LOUIS J. ELSAS, M.D.; JOHN P. HAYSLETT, M.D.; BENJAMIN H. SPARGO, M.D.; JOSEPH L. DURANT, B.S.; LEON E. ROSENBERG, M.D.
An eighteen-year-old girl with Wilson's disease developed a systemic lupus erythematosus-like syndrome with active glomerulonephritis after 27 months of D-penicillamine therapy. Light and electron microscopy of renal biopsy material showed proliferative glomerulonephritis.
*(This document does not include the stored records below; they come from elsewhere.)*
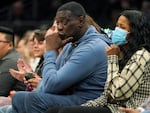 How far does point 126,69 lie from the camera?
5699 mm

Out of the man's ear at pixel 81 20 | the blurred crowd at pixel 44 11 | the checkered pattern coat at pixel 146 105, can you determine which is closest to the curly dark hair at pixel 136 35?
the man's ear at pixel 81 20

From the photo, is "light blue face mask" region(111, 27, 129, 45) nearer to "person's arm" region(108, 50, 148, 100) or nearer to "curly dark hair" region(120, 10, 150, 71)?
"curly dark hair" region(120, 10, 150, 71)

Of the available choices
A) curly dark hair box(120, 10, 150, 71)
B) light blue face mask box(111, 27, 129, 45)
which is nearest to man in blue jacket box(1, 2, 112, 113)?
light blue face mask box(111, 27, 129, 45)

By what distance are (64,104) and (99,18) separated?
867 cm

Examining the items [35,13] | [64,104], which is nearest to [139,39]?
[64,104]

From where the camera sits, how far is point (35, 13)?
15.7m

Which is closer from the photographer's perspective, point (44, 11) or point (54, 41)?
point (54, 41)

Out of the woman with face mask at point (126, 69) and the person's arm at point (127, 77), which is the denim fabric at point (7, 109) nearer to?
the woman with face mask at point (126, 69)

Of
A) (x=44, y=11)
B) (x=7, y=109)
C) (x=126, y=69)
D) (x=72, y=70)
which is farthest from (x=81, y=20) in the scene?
(x=44, y=11)

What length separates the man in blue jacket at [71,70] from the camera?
5773 mm

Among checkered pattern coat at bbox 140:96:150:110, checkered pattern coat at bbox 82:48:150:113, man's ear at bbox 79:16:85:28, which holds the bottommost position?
checkered pattern coat at bbox 140:96:150:110

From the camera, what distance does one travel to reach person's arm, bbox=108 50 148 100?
223 inches

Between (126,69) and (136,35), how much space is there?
0.37 m

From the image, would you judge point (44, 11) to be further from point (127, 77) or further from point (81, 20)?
point (127, 77) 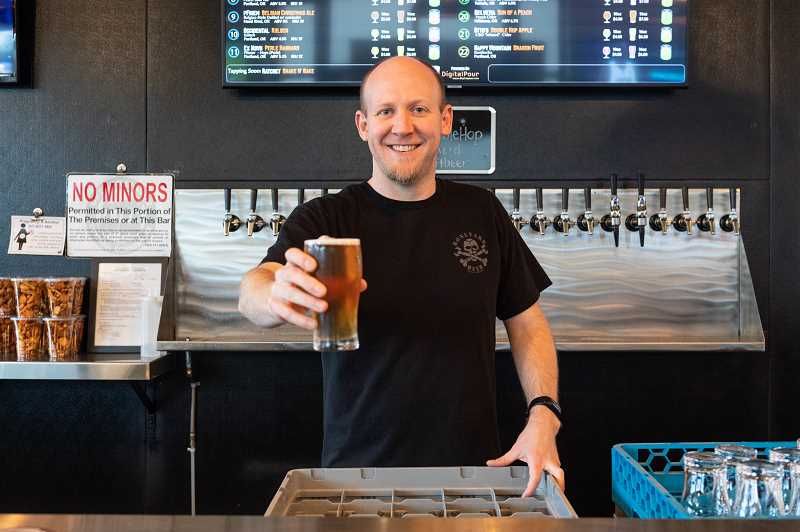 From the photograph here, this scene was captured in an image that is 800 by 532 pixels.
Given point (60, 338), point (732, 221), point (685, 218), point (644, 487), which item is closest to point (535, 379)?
point (644, 487)

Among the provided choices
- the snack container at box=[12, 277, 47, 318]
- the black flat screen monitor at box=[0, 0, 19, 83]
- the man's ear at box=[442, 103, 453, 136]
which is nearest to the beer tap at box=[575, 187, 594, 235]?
the man's ear at box=[442, 103, 453, 136]

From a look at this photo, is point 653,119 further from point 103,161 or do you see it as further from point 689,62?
point 103,161

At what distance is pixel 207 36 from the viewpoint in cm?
289

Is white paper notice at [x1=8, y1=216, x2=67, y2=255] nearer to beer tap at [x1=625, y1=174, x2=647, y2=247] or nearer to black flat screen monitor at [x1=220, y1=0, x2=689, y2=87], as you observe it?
black flat screen monitor at [x1=220, y1=0, x2=689, y2=87]

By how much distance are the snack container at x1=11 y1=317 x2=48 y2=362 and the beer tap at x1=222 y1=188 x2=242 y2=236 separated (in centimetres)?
69

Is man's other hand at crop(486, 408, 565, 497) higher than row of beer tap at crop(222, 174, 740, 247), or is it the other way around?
row of beer tap at crop(222, 174, 740, 247)

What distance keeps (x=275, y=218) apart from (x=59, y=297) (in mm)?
787

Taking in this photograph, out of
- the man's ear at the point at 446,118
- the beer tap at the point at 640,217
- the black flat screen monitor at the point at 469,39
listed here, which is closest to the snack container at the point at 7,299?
the black flat screen monitor at the point at 469,39

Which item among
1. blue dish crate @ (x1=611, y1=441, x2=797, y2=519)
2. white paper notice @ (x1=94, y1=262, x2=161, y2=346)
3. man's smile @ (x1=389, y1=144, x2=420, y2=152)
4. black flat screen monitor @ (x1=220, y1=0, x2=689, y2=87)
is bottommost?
blue dish crate @ (x1=611, y1=441, x2=797, y2=519)

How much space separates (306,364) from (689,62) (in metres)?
1.80

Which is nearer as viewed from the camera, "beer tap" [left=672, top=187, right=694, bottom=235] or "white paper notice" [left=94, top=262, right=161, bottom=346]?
"beer tap" [left=672, top=187, right=694, bottom=235]

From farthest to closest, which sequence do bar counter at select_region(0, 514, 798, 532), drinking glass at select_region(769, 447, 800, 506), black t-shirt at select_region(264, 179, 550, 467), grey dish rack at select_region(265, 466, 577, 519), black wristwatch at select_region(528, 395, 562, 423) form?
1. black t-shirt at select_region(264, 179, 550, 467)
2. black wristwatch at select_region(528, 395, 562, 423)
3. drinking glass at select_region(769, 447, 800, 506)
4. grey dish rack at select_region(265, 466, 577, 519)
5. bar counter at select_region(0, 514, 798, 532)

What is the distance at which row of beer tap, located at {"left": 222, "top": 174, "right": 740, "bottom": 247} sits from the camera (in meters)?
2.71

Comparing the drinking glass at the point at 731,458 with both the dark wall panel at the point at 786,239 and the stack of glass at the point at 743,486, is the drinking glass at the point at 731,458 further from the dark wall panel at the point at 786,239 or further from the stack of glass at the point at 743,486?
the dark wall panel at the point at 786,239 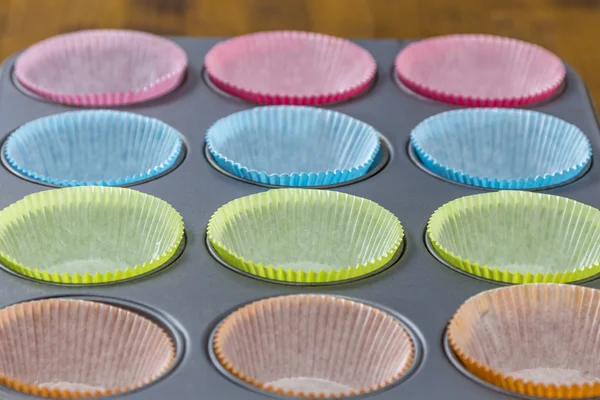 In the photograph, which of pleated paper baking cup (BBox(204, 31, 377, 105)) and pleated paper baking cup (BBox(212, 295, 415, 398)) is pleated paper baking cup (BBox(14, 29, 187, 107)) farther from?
pleated paper baking cup (BBox(212, 295, 415, 398))

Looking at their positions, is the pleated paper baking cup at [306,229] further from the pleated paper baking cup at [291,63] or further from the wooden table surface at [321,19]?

The therapy was discontinued; the systemic lupus-like syndrome rapidly subsided, and antinuclear factor disappeared from her serum. Six months later a renal biopsy specimen showed healing of the glomerular lesion; tubular function was minimally impaired. Eighteen months later, despite continued copper restriction, there was increased cupruresis and tissue copper deposition associated with progressive renal tubular impairment. Glomerular capillaries were normal, but new radiodense deposits suggestive of metalloprotein complexes were found in the proximal renal tubular brush border. Reinstitution of low doses of D-penicillamine reversed the functional transport defect without reproducing the lupus-like syndrome. We conclude that D-penicillamine initiated a systemic lupus-like syndrome and that copper deposition produced progressive but reversible proximal renal tubular dysfunction.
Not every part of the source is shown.